Arranjos de pagamento

Por fim, outra questão importante que vinha sendo discutida judicialmente e foi sedimentada no PLP nº 68/2024 de maneira favorável aos contribuintes diz respeito à possibilidade do tomador dos serviços de arranjos de pagamento (dentre os quais se inserem as chamadas “máquinas de cartão de crédito e débito”) poder apurar créditos dos valores pagos à prestadora dos serviços de arranjos de pagamento, desde que esteja sujeito ao regime geral de tributação do IBS e da CBS.

A questão guarda relação direta com a possibilidade de créditos de PIS/Cofins sobre as tarifas de administração dos cartões de crédito e débito.
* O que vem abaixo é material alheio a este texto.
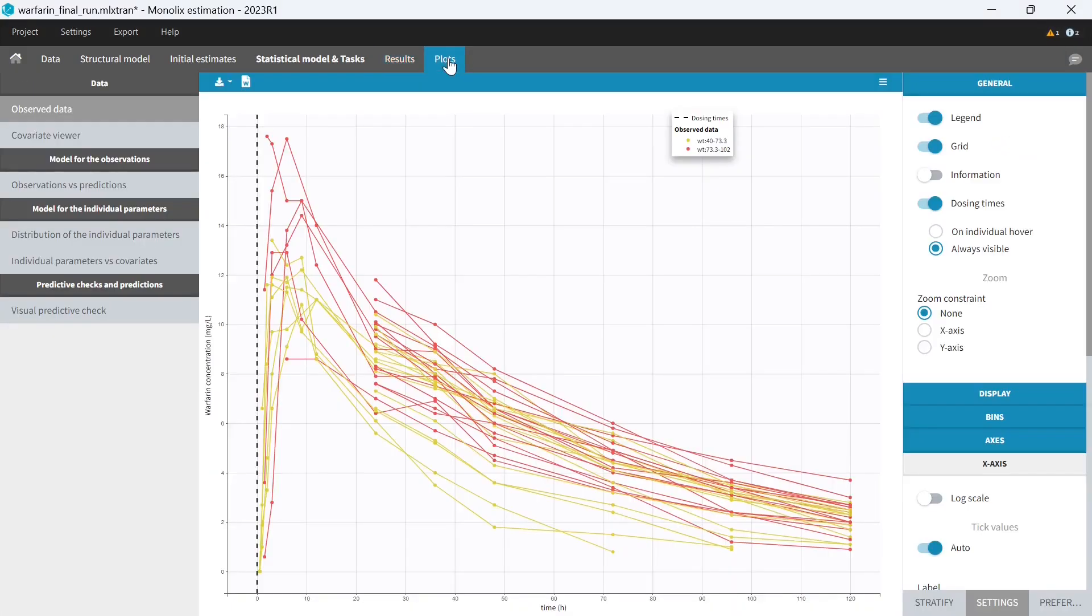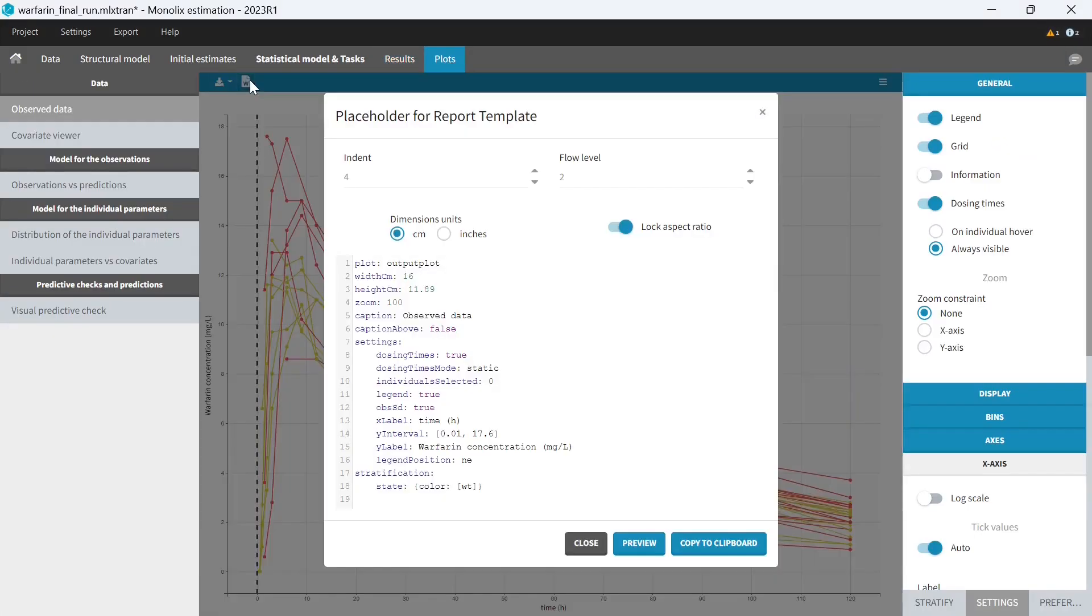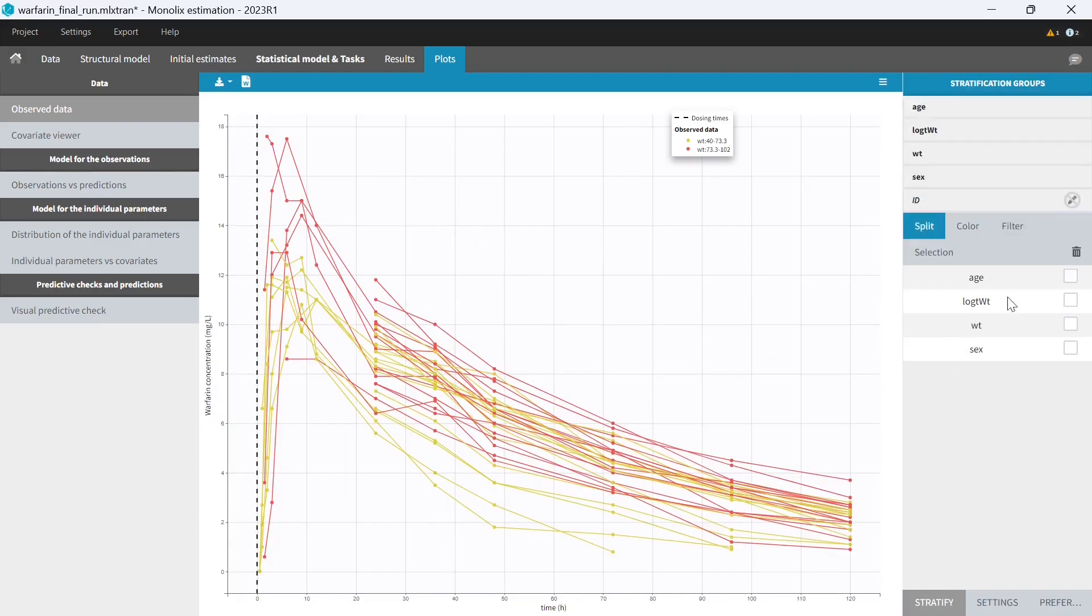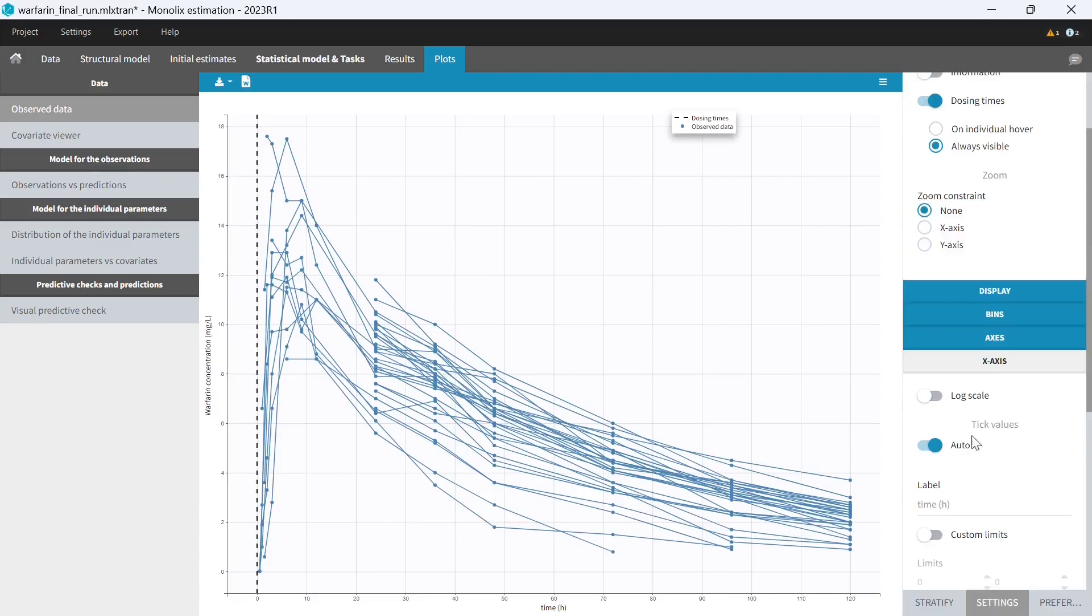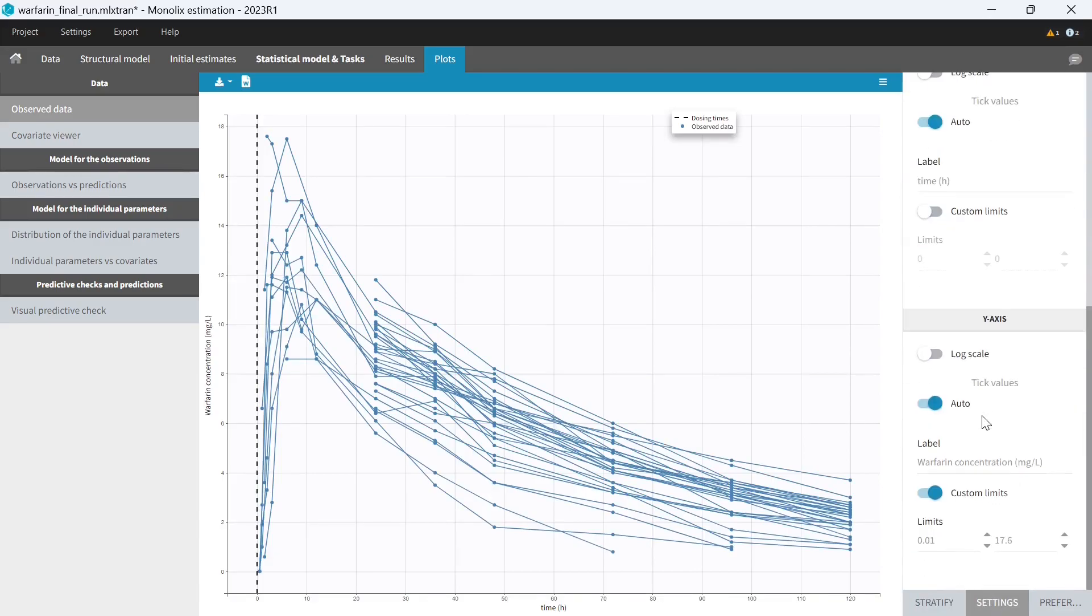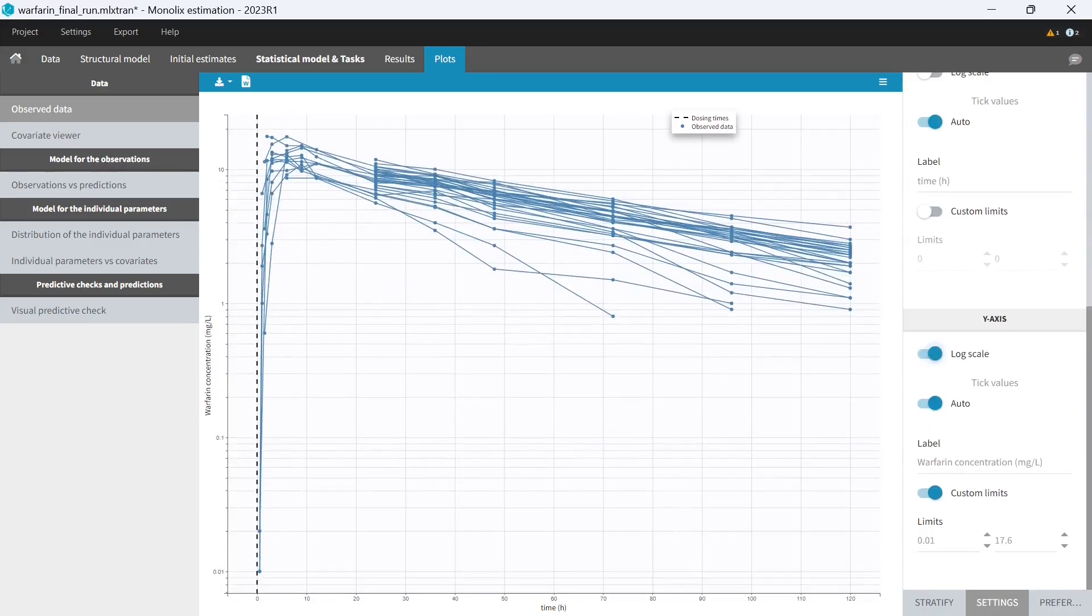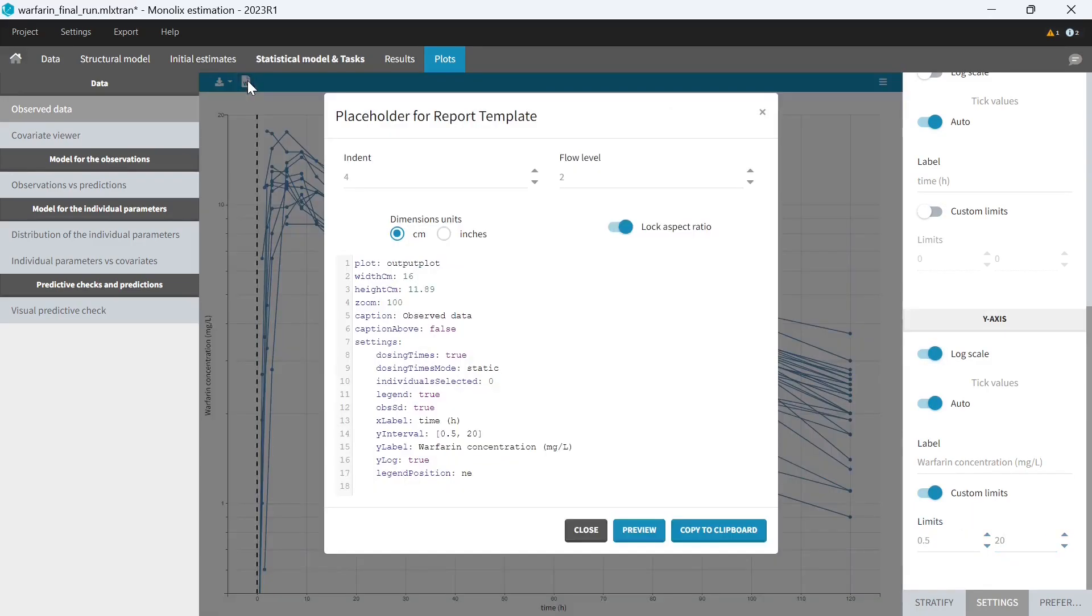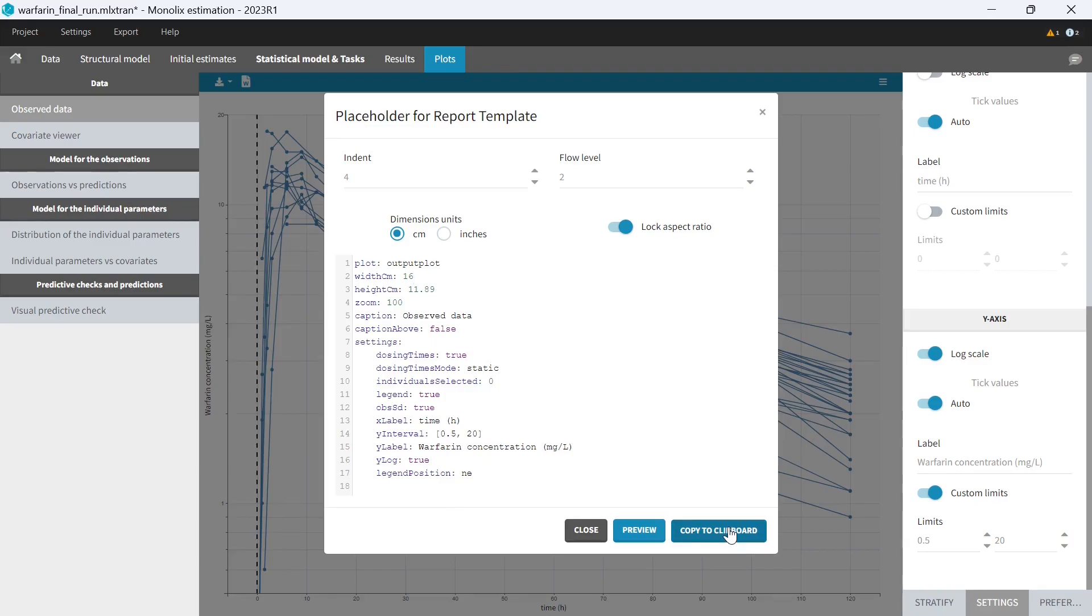For example, we can look at the observed data. The placeholder encodes all the customization done in the interface. If I change the plot settings, for example, to remove coloring, set a log scale on the y-axis, and focus the axis limits on the elimination, the placeholder is updated. You see that I have a log scale on the y-axis, axis limits updated, and there is no coloring by weight anymore in that placeholder. I could copy this new placeholder into my template to show the observed data in log scale in addition to the previous observed data plot.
Novamente vemos, nesta situação, a busca do legislador pela pacificação de alguns dos conflitos tributários atualmente em discussão no Poder Judiciário.

Validações

Não é demais lembrar que a reforma tributária se baseou na aplicação do princípio da não-cumulatividade ampla, previsto nos artigos 156-A, § 1º, inciso VIII, e 195, § 16, da Constituição Federal, inseridos no texto pela Emenda Constitucional nº 132/2023. A não-cumulatividade, contudo, já era objeto de previsão constitucional para o PIS e a Cofins, destacada para julgamento pelo Supremo Tribunal Federal por meio do Tema nº 756 (“alcance do artigo 195, §12, da Constituição Federal, que prevê a aplicação do princípio da não-cumulatividade à contribuição ao PIS e à Cofins”).

Na medida em que o § 12 do artigo 195 da Constituição determinava a aplicação do princípio da não-cumulatividade na apuração do PIS e da Cofins, os contribuintes passaram a sustentar a inexistência de quaisquer restrições constitucionais quanto às despesas que podem ser utilizadas como base de crédito, de modo que não pode a lei infraconstitucional usurpar da competência que é própria do poder constituinte, razão pela qual seriam inconstitucionais as limitações ao crédito impostas pelas Leis 10.637/2002 e 10.833/2003.

O Supremo Tribunal Federal, contudo, afastou a pretensão dos contribuintes e determinou que “o legislador ordinário possui autonomia para disciplinar a não-cumulatividade a que se refere o artigo 195, § 12, da Constituição, respeitados os demais preceitos constitucionais, como a matriz constitucional das contribuições ao PIS e Cofins e os princípios da razoabilidade, da isonomia, da livre concorrência e da proteção à confiança”, tal como se extrai da tese firmada no âmbito do Tema nº 725 do STF.

Assim, ao mesmo tempo em que a reforma tributária buscou consolidar a neutralidade fiscal e a plena não-cumulatividade do IBS e da CBS, a experiência recente nos mostra a validação, pelo Supremo Tribunal Federal, das normas infraconstitucionais que limitaram a aplicação da plena não-cumulatividade para o PIS/Cofins. Nesse contexto, é positiva a previsão do PL nº 68/2024 quanto a diversos créditos e deduções da base de cálculo do IBS e da CBS, dentre os quais se inserem os ora tratados, como as despesas financeiras e as tarifas de administradoras de cartões.

Outras discussões, contudo, não chegaram a ser abrangidas pela reforma tributária e sua regulamentação, como é o caso dos créditos de PIS/Cofins sobre despesas de publicidade. Quanto a estas e outras despesas, poderá sobrevir discussão a respeito da possibilidade de apuração dos créditos de IBS e CBS com base na apregoada não-cumulatividade.